Dans cette étude, nous établissons un cadre multimodal permettant de caractériser ces interactions dans un alliage AA3104 bien recuit, en utilisant deux techniques complémentaires de rayonnement X synchrotron, à savoir la tomographie par contraste de diffraction (DCT) et la tomographie par contraste de phase (PCT). Tout d’abord, l’approche multimodale permet une corrélation directe entre les particules intermétalliques cartographiées par PCT et la structure granulaire de l’aluminium cartographiée par DCT (Figure 1(a)). Les résultats révèlent une forte corrélation entre le réseau de joints de grains et la distribution des particules, notamment leur taille et leur morphologie. Ensuite, l’influence des particules intermétalliques sur l’évolution microstructurale au cours de la déformation est caractérisée par PCT lors d’un essai de traction in situ. La corrélation volumique numérique (DVC) est appliquée aux jeux de données 4D in situ afin de quantifier les champs de déformation locaux et de les relier à la microstructure d’aluminium environnante ainsi qu’aux particules intermétalliques (Figure 1(b)). L’analyse DVC permet également d’identifier la nucléation et la croissance de l’endommagement, ainsi que leur corrélation détaillée avec la microstructure locale.
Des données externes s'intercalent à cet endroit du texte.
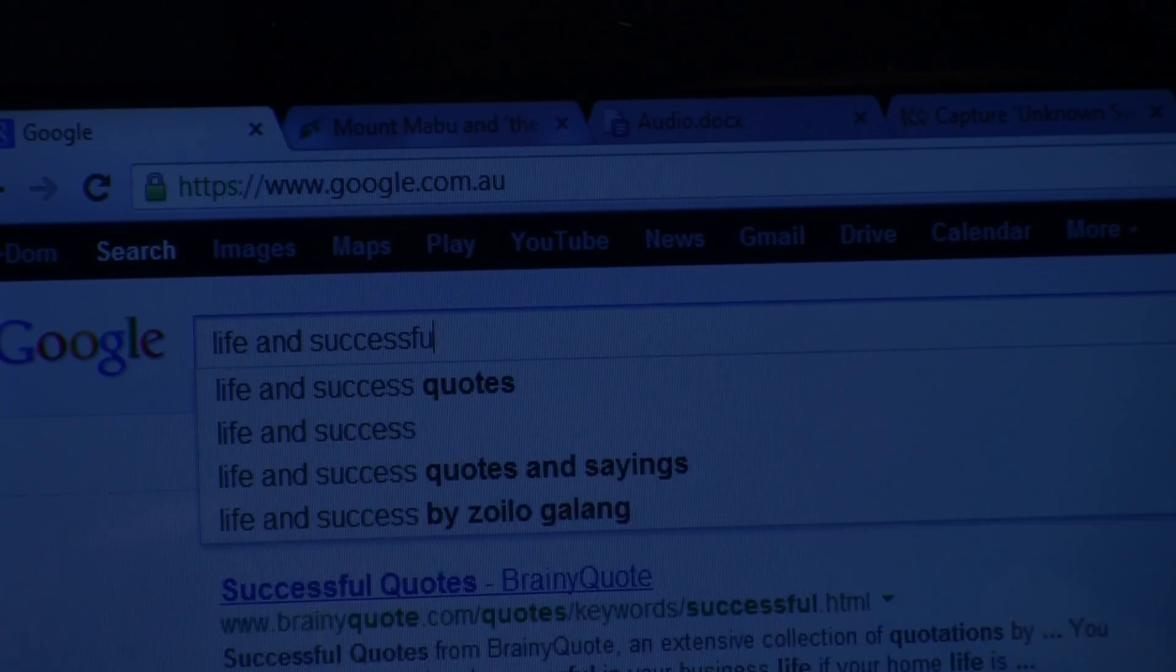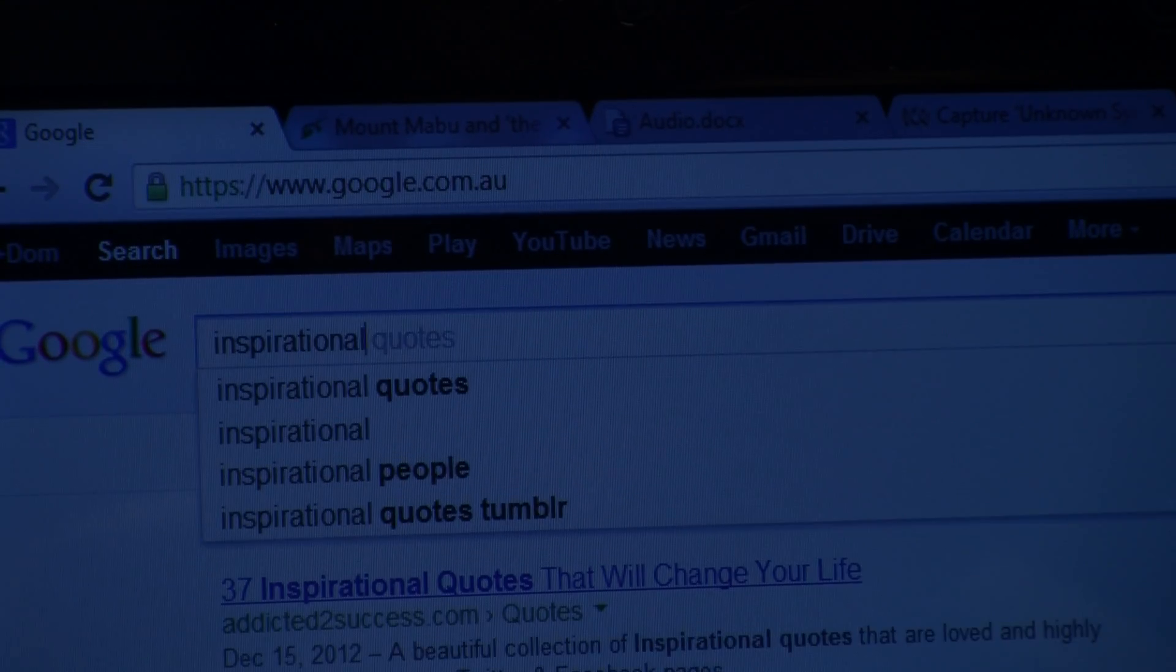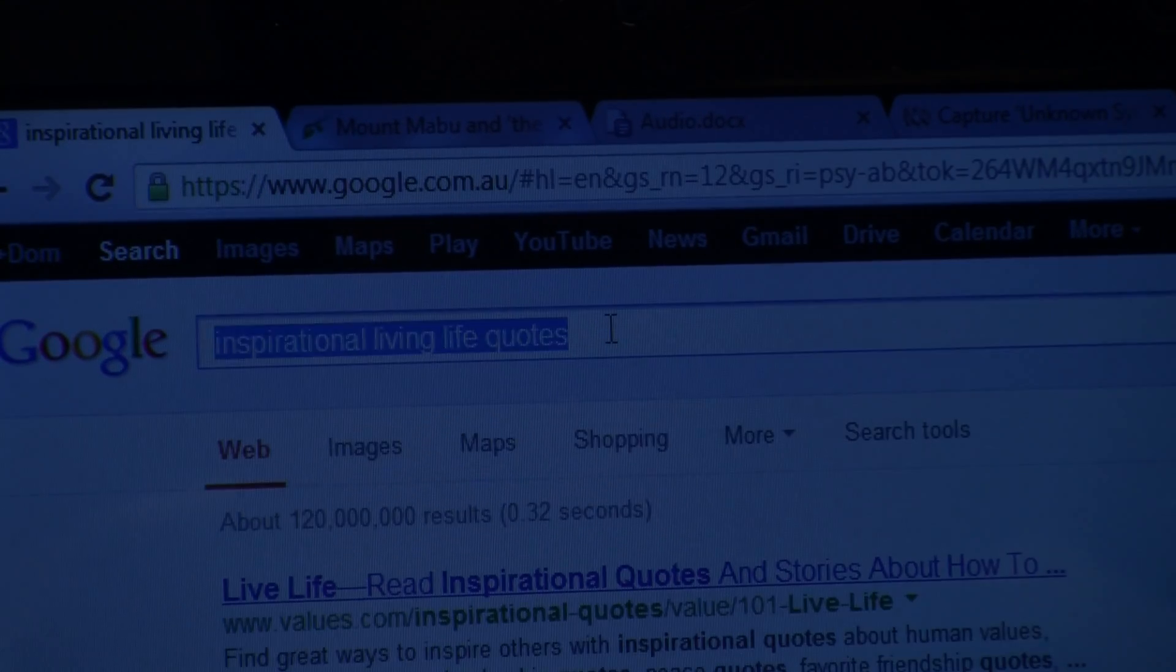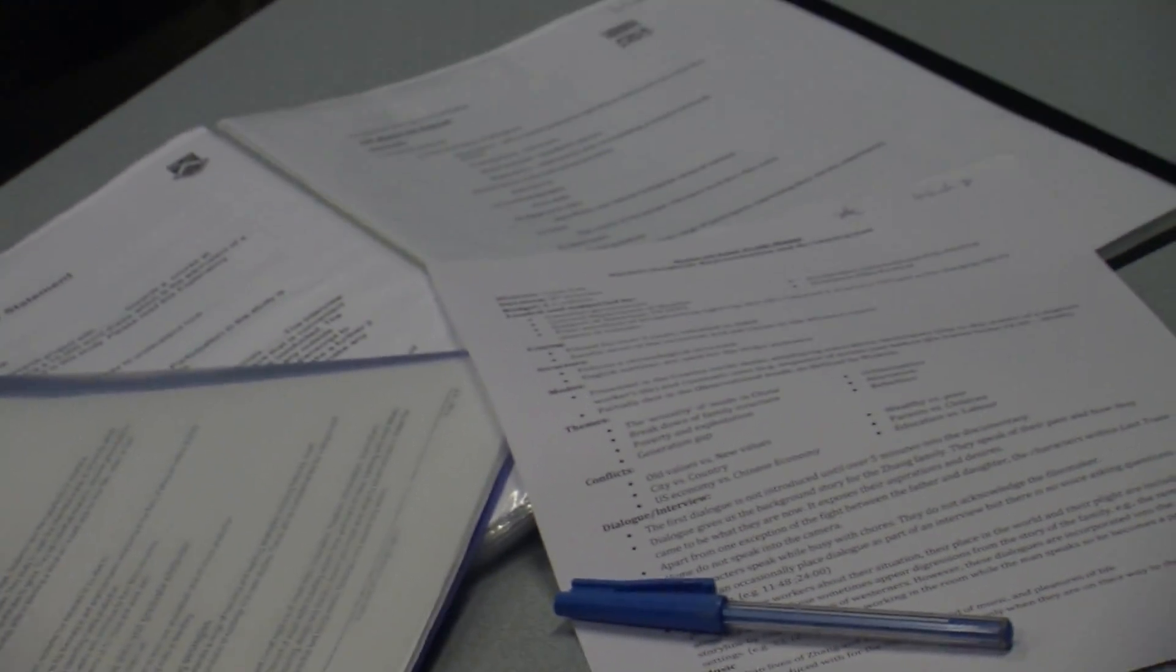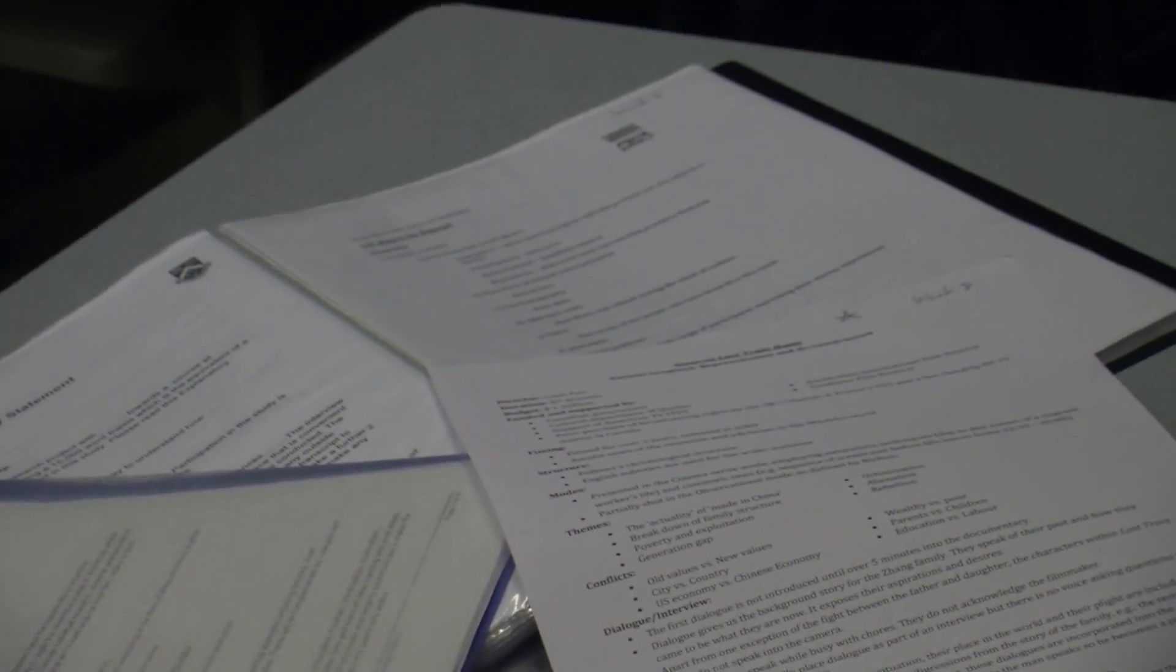We all look up to someone in our lives, someone who we want to become, whether it's their success, their fame, their character, or their integrity. We wish that one day we'll obtain the same goal of what they have reached and even beyond.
Les résultats soulignent la nécessité cruciale de techniques de caractérisation multimodales pour faire progresser la compréhension des mécanismes de rupture dans les alliages d’aluminium. Ils pourraient également contribuer aux futures stratégies de conception des alliages et des procédés visant à améliorer les propriétés mécaniques, en particulier pour les alliages d’aluminium produits à partir de déchets recyclés. Les perspectives de développement de la caractérisation multimodale au moyen de techniques 4D en laboratoire seront également discutées.